Воскресение начинается «В субботу»

Александр Миндадзе исследовал природу советского мифа

Александр Миндадзе снял фильм «В субботу», и это самое сильное мое киновпечатление за год, но инструментарий для его анализа пока отсутствует. Подвиг Миндадзе в том, что он будто вовсе не зависит от контекста — впрочем, как все мономаны, одержимые единственной страстью. Балабанов ведь тоже не зависит, так и разбирается с главной своей коллизией: как беззащитному человеку реагировать на циничное насилие. Миндадзе исследует другую ситуацию: человек в катастрофе. И его личное безумие — вполне, впрочем, рациональное — оказывается сильнее общественного распада: энтропия убивает все, но против наших личных маний она бессильна.

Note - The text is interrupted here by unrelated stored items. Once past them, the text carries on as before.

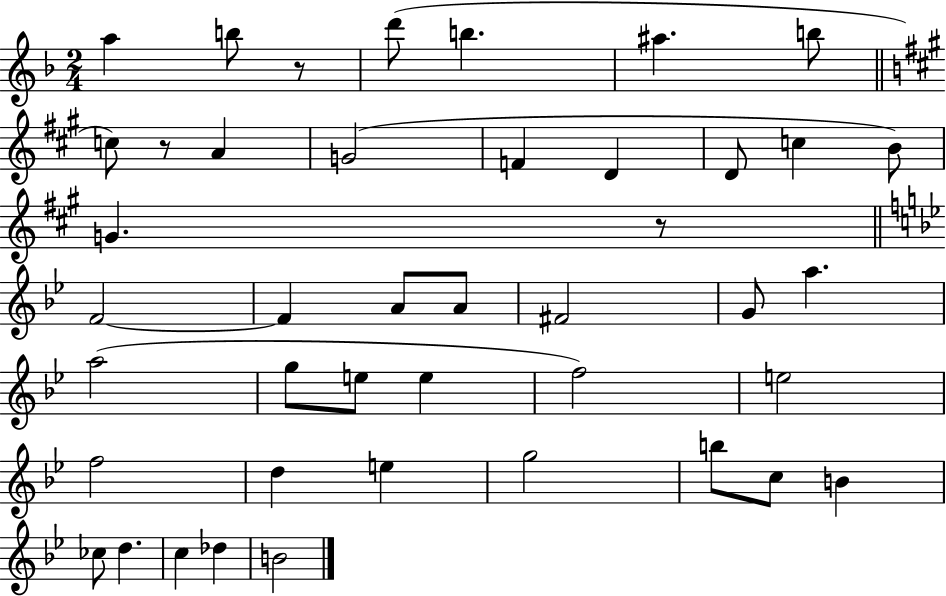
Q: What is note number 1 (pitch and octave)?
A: A5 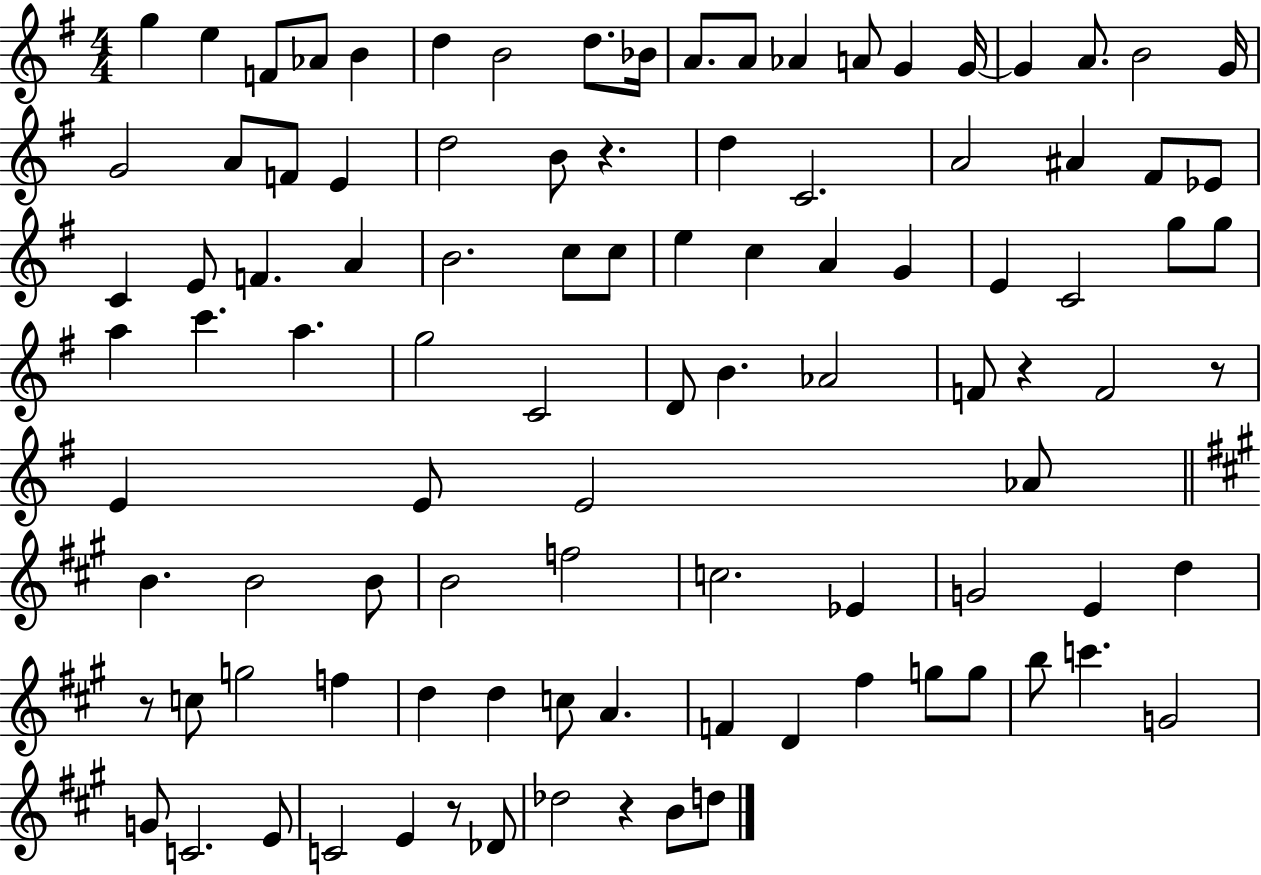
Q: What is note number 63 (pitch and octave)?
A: B4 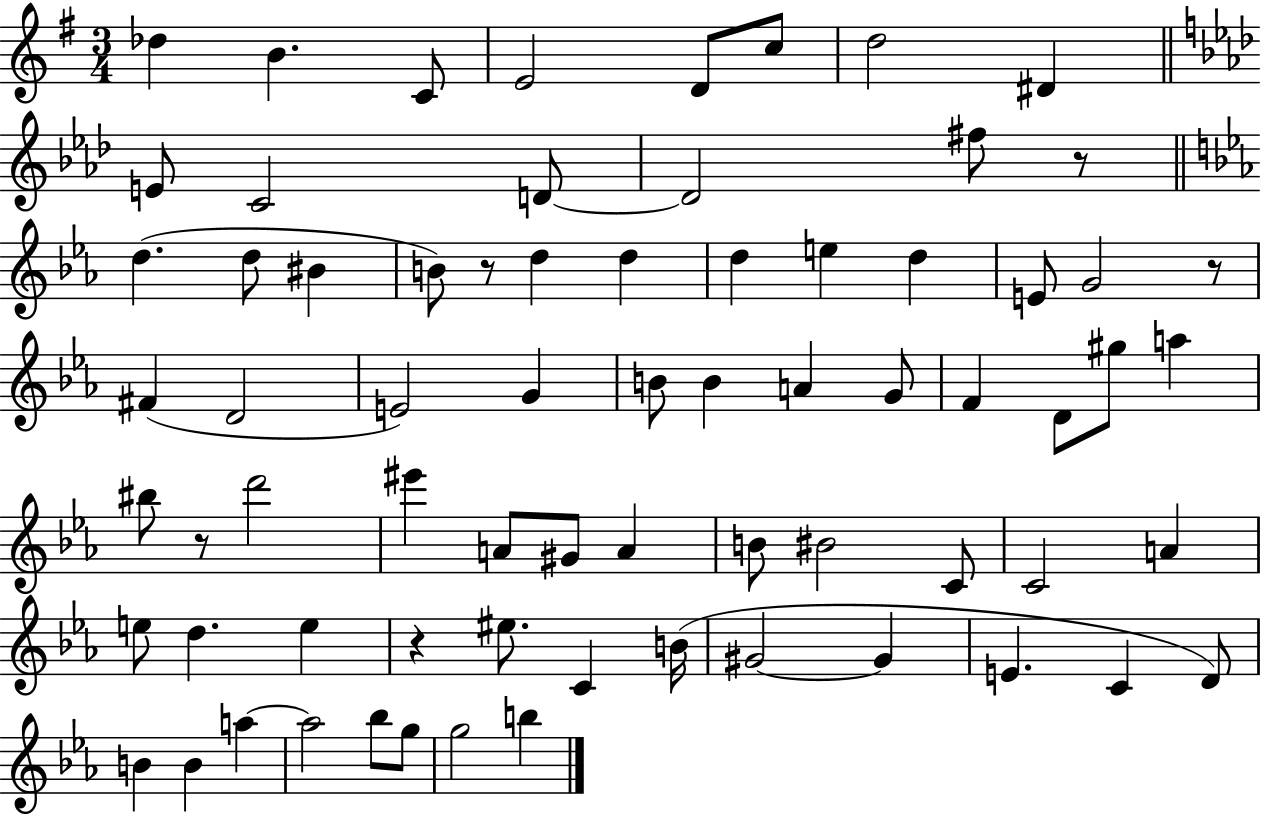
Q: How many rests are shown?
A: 5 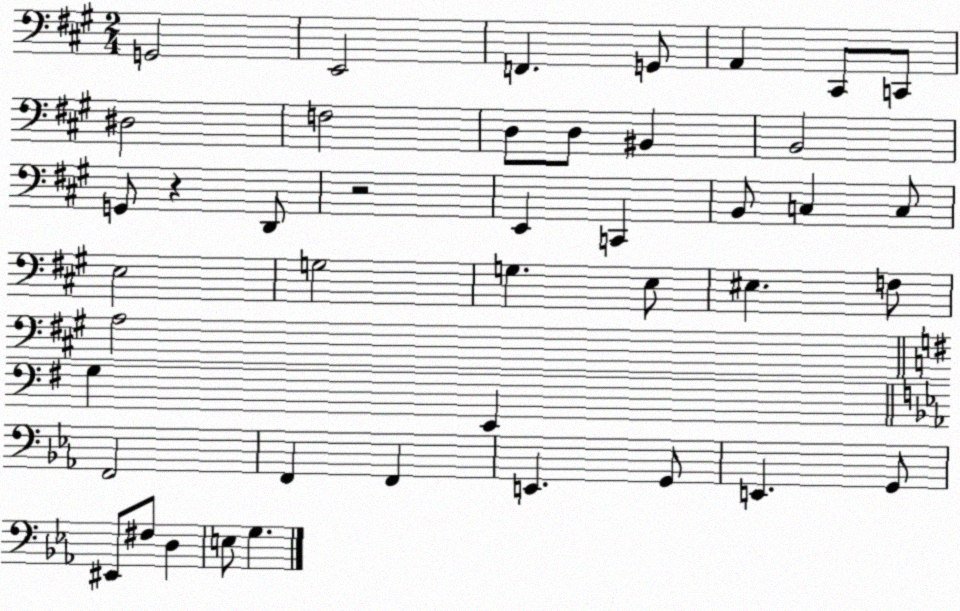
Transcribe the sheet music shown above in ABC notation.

X:1
T:Untitled
M:2/4
L:1/4
K:A
G,,2 E,,2 F,, G,,/2 A,, ^C,,/2 C,,/2 ^D,2 F,2 D,/2 D,/2 ^B,, B,,2 G,,/2 z D,,/2 z2 E,, C,, B,,/2 C, C,/2 E,2 G,2 G, E,/2 ^E, F,/2 A,2 G, E,, F,,2 F,, F,, E,, G,,/2 E,, G,,/2 ^E,,/2 ^F,/2 D, E,/2 G, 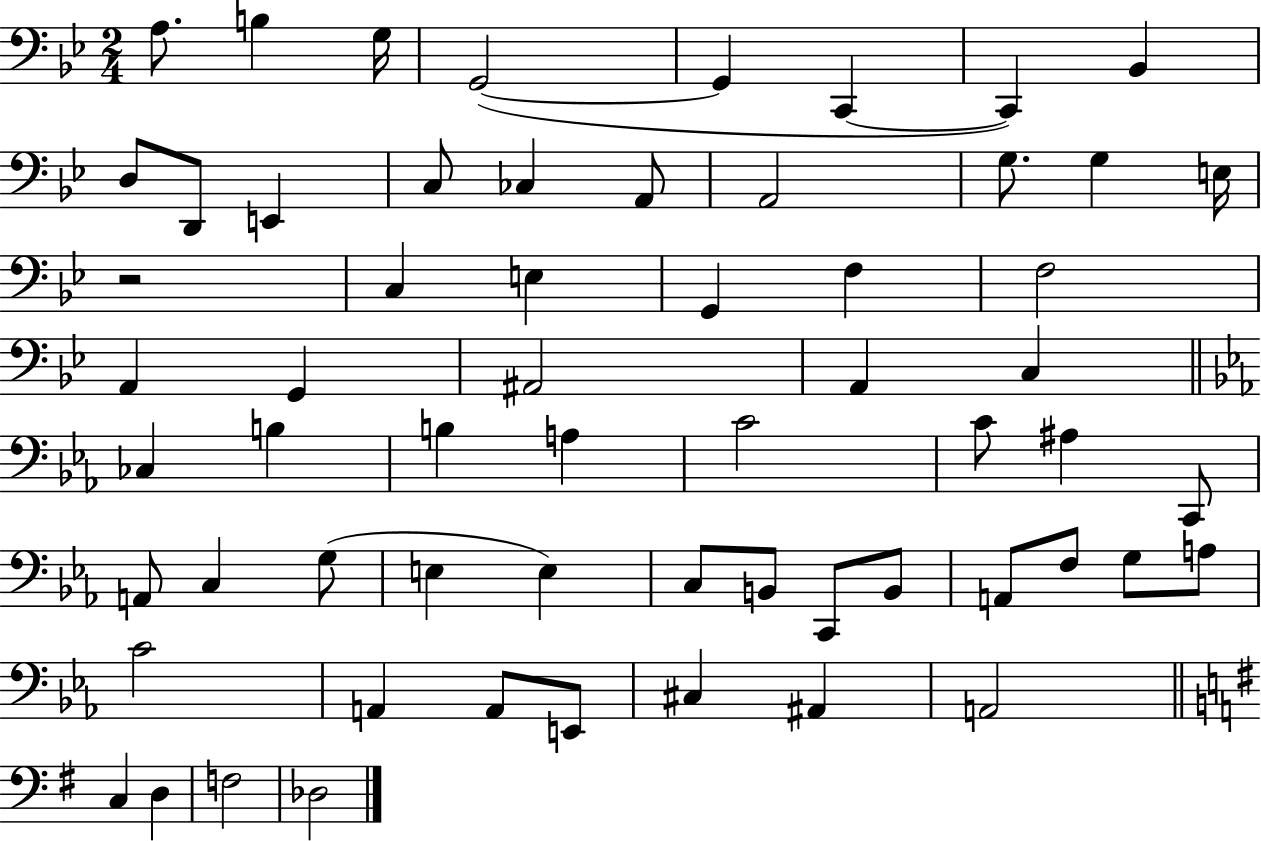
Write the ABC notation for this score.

X:1
T:Untitled
M:2/4
L:1/4
K:Bb
A,/2 B, G,/4 G,,2 G,, C,, C,, _B,, D,/2 D,,/2 E,, C,/2 _C, A,,/2 A,,2 G,/2 G, E,/4 z2 C, E, G,, F, F,2 A,, G,, ^A,,2 A,, C, _C, B, B, A, C2 C/2 ^A, C,,/2 A,,/2 C, G,/2 E, E, C,/2 B,,/2 C,,/2 B,,/2 A,,/2 F,/2 G,/2 A,/2 C2 A,, A,,/2 E,,/2 ^C, ^A,, A,,2 C, D, F,2 _D,2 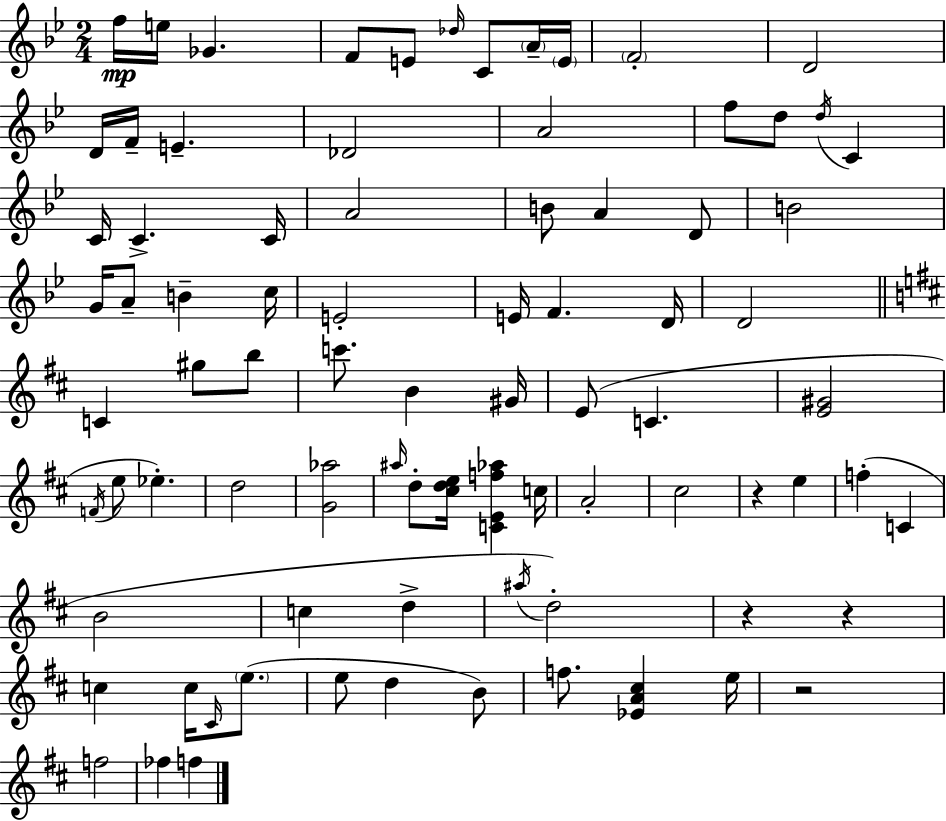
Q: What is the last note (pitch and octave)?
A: F5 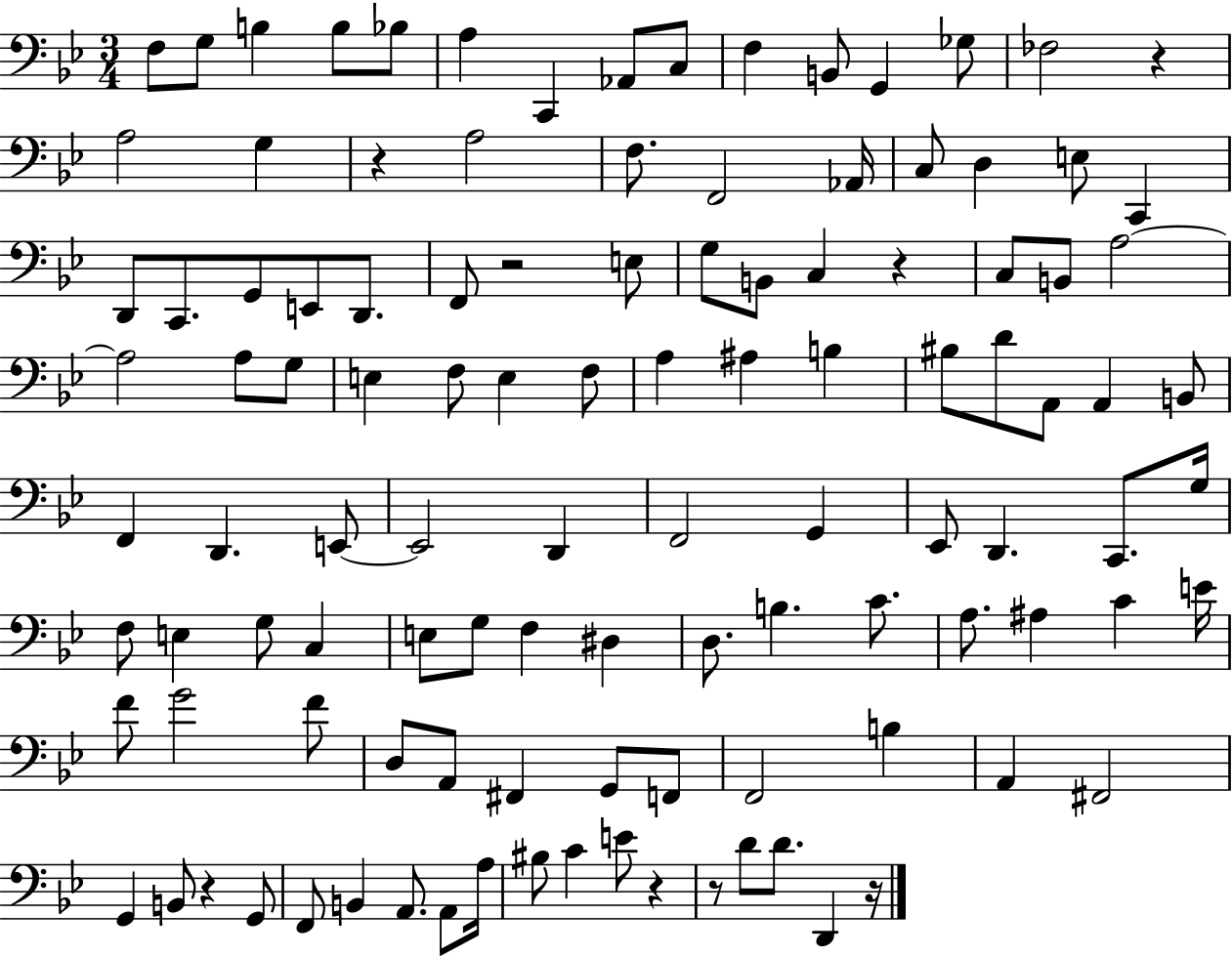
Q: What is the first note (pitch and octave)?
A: F3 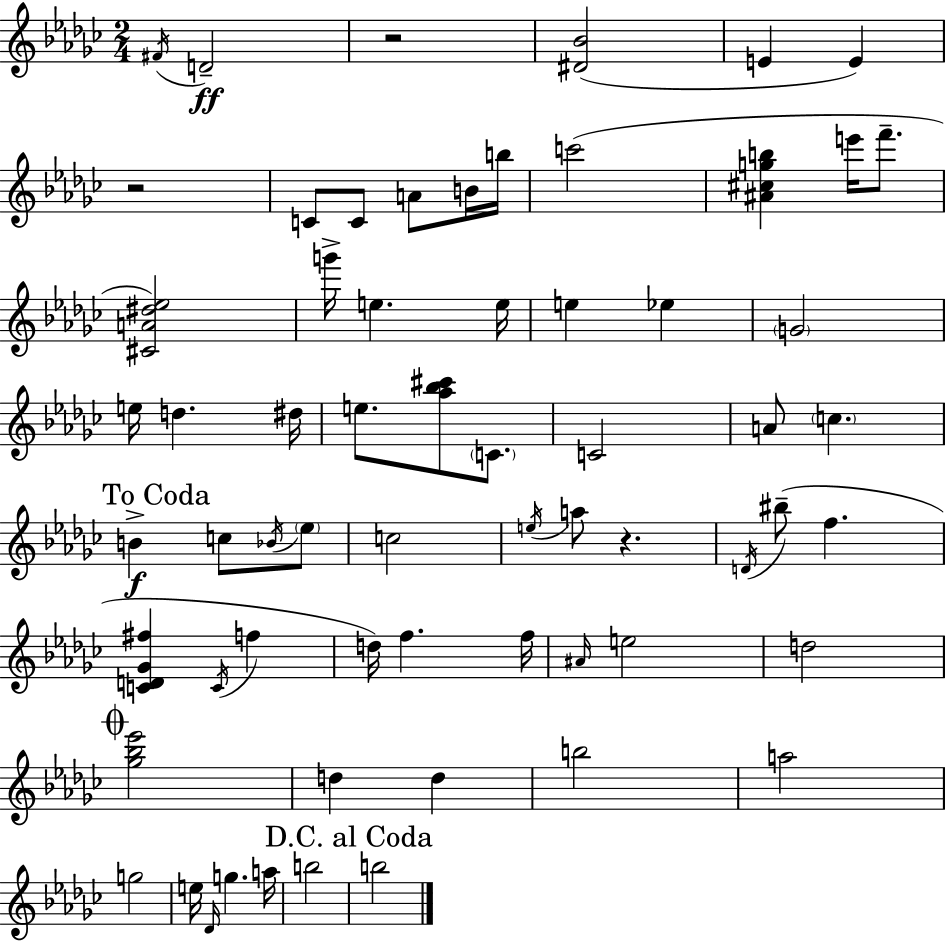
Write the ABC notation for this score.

X:1
T:Untitled
M:2/4
L:1/4
K:Ebm
^F/4 D2 z2 [^D_B]2 E E z2 C/2 C/2 A/2 B/4 b/4 c'2 [^A^cgb] e'/4 f'/2 [^CA^d_e]2 g'/4 e e/4 e _e G2 e/4 d ^d/4 e/2 [_a_b^c']/2 C/2 C2 A/2 c B c/2 _B/4 _e/2 c2 e/4 a/2 z D/4 ^b/2 f [CD_G^f] C/4 f d/4 f f/4 ^A/4 e2 d2 [_g_b_e']2 d d b2 a2 g2 e/4 _D/4 g a/4 b2 b2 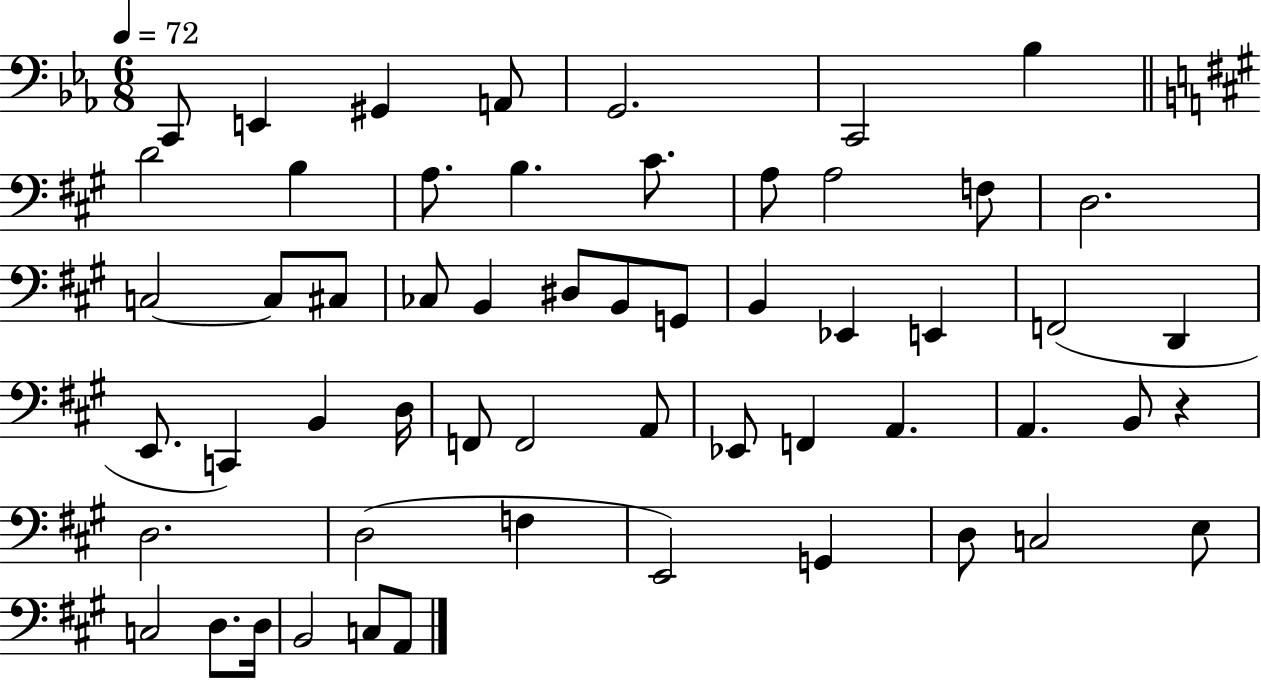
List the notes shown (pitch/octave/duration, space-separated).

C2/e E2/q G#2/q A2/e G2/h. C2/h Bb3/q D4/h B3/q A3/e. B3/q. C#4/e. A3/e A3/h F3/e D3/h. C3/h C3/e C#3/e CES3/e B2/q D#3/e B2/e G2/e B2/q Eb2/q E2/q F2/h D2/q E2/e. C2/q B2/q D3/s F2/e F2/h A2/e Eb2/e F2/q A2/q. A2/q. B2/e R/q D3/h. D3/h F3/q E2/h G2/q D3/e C3/h E3/e C3/h D3/e. D3/s B2/h C3/e A2/e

Метафорой краха привычного мира у Миндадзе выступает обычно техногенная катастрофа, будь то крушение поезда, самолета или парохода. На этот раз все масштабнее, да и фильм, скажу сразу, самый значительный и сложный за всю его карьеру, несмотря на то что я остаюсь верным поклонником их с Абдрашитовым совместных работ. Почему Миндадзе так зациклен на эсхатологической проблематике — понятно: он человек чрезвычайно чуткий, подземные толчки слышал с середины семидесятых. И потом, как сказал однажды Борис Стругацкий, эсхатология — это не обязательно пророчество. Это отдельный жанр, сильный фабульный ход. Если человека привлекает исследование экстремумов — почему нет? Весь кинематограф Миндадзе, вся его точная, короткая, иногда до зашифрованности, проза — о крахе великой эпохи и, шире, о кризисе мира, в котором мы жили две тысячи лет. Началось что-то совсем другое — столь масштабное, что сам распад СССР на этом фоне лишь частный случай.

В новой картине речь о Чернобыле. Снимали в Украине. Оператор — Олег Муту (Румыния), и все, кто видели «Смерть господина Лазареску» или «4 месяца, 3 недели и 2 дня», понимают, какой мастер появился в европейском кино. В главной роли — Антон Шагин, и после этой картины, думаю, истинный масштаб этого артиста тоже станет очевиден. Здесь есть все приметы авторского кинематографа Миндадзе, каким он проявился в «Отрыве»: предельный лаконизм, требующий от зрителя постоянного напряжения. Абсолютная эмоциональная нестабильность, равная готовность героев расхохотаться, разрыдаться, напиться, подраться — как всегда в миг катастрофического потрясения. Абсолютная вера в мужскую солидарность, выдерживающую все, включая конец света. Но это все у него и раньше было — в «Армавире», скажем, недооцененном, но едва ли не лучшем фильме первой половины девяностых. А вот что принципиально оригинального в этой странной во всех отношениях новой работе, которая в самом деле говорит сегодняшнему зрителю нечто жизненно необходимое, — я боюсь догадываться.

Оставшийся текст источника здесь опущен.